This prompt is about removable discontinuities. See the explanation below.
A removable discontinuity is a point in a graph where it is not linked but may be made so by filling in a single point.
It is also possible to define it as follows:
A discontinuity is detachable at x=a if the limit limxaf(x) exists and is finite. There are two kinds of removable discontinuities. At x=a, the function is undefined.
It should be noted that a non-removable discontinuity is one in which the limit of the function does not exist at a given point, i.e. lim xa f(x) does not exist.
Part A: Where F(x) = 6/x
At x = 0
f(x) = 6/0 = ∞; Thus,
At x = 0
f(x) is not defined. It is correct to state therefore, that f is continuous for all real integers or number save "zero".

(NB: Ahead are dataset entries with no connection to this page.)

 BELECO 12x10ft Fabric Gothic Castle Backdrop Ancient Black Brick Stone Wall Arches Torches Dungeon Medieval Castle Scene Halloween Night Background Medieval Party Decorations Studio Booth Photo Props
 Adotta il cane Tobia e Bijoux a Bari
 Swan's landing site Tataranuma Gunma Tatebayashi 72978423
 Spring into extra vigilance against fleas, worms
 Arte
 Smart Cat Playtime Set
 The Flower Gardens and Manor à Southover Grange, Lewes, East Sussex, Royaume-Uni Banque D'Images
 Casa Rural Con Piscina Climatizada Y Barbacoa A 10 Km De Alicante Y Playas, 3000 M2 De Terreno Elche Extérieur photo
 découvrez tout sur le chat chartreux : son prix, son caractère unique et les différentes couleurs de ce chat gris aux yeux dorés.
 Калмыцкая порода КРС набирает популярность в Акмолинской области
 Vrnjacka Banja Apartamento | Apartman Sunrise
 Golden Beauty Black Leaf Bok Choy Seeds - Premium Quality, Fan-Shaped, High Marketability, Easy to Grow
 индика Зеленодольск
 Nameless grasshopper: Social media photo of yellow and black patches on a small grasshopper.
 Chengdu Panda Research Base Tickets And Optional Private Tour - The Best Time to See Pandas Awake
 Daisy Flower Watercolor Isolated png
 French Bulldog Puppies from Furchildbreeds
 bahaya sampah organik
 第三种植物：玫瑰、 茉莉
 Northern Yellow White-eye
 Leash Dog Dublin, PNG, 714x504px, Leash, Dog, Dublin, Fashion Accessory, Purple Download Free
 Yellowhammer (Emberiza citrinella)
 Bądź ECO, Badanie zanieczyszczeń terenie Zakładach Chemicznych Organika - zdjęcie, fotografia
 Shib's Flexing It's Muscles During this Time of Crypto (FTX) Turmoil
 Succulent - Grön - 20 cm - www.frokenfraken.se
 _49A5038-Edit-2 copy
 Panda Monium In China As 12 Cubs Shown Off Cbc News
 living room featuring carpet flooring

Hence, f(x) is continuous at each x ∈ R - {α}
Part B: Where F(x) = 4/(x-6)
At x = 6
F(x) = 4/(6-6)
= 4/0
= ∞;
Thus, f (x) is not defined.
We can state therefore that F is continuous at x ∈ R - { α}
Part C: Where F (x)
F(x) = x² - 9
For each C∈R,
F(c) = C² = 9
Thus, F(x) here is defined and continuous. That is F(x) is continuous at x ∈ R
Part D: Where F(x) x² - 4x + 4
With respect to every C ∈ R,
F(c) = C² - 4c + 4
In this instance as well, F(c) is defined and continuous.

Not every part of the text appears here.